### GIVEN INFORMATION
────────────────

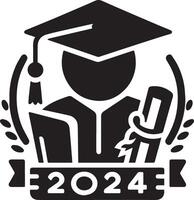 2024 graduation set featuring caps, diplomas, and fun typography. Perfect for celebration and academic achievement design projects. vector
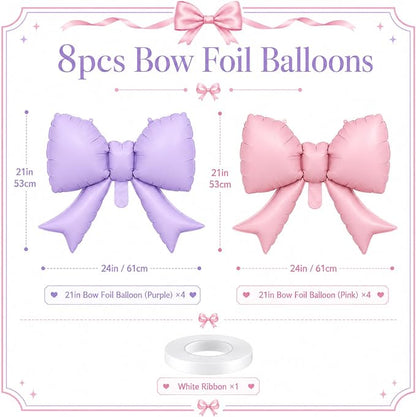 8Pcs Pink Purple Bow Foil Balloons, 21Inch Pink and Purple Bow Shaped Balloons - Image 2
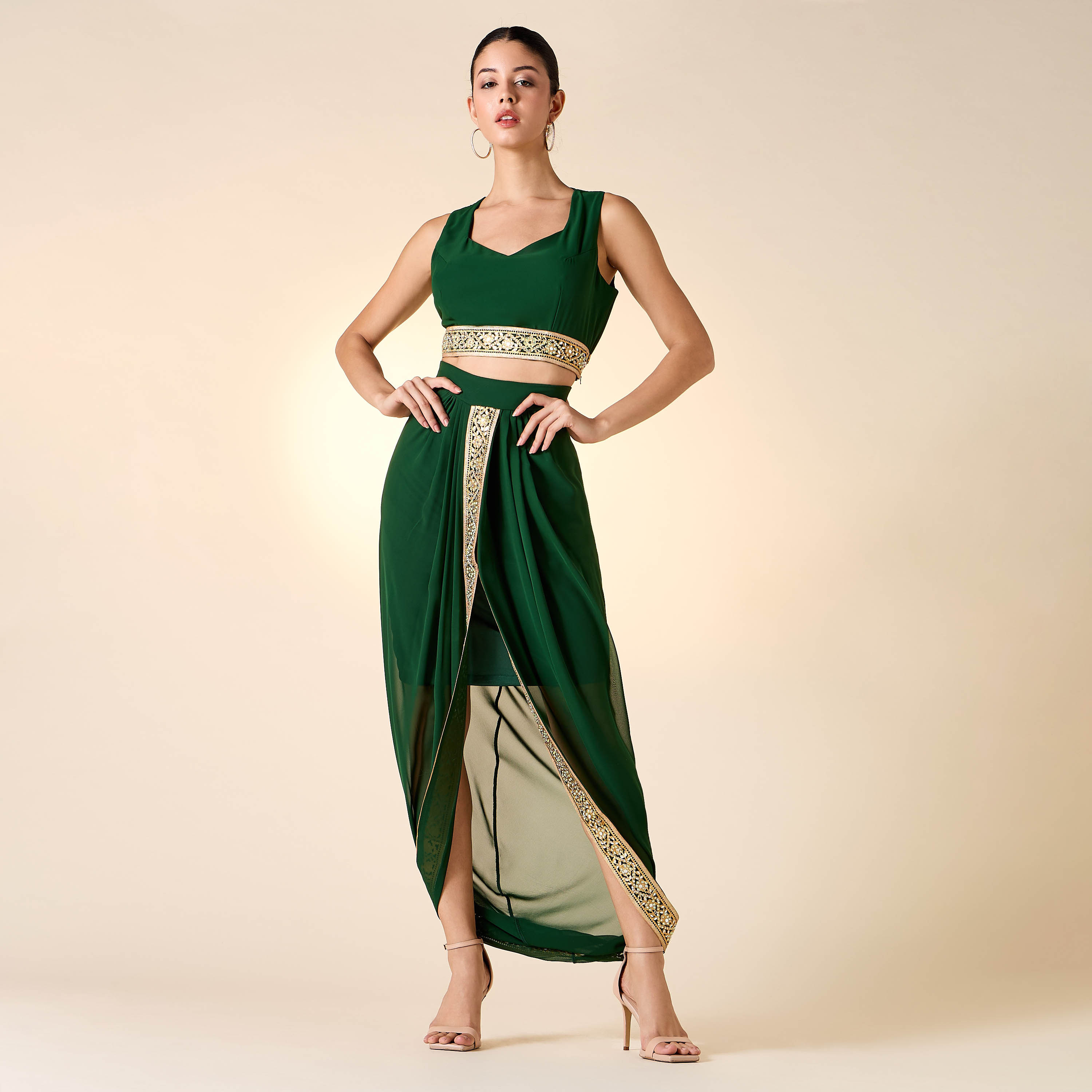 Golden Apple Lace Detail Sleeveless Crop Top with Skirt and Longline Shrug-women-clothing-dresses-image-2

────────────────

### DIRECTIONS
Any picture in the data is to be skipped, while each line is returned exactly as written.

### PROBLEM SOLUTION
 2024 graduation set featuring caps, diplomas, and fun typography. Perfect for celebration and academic achievement design projects. vector
 8Pcs Pink Purple Bow Foil Balloons, 21Inch Pink and Purple Bow Shaped Balloons - Image 2
 Golden Apple Lace Detail Sleeveless Crop Top with Skirt and Longline Shrug-women-clothing-dresses-image-2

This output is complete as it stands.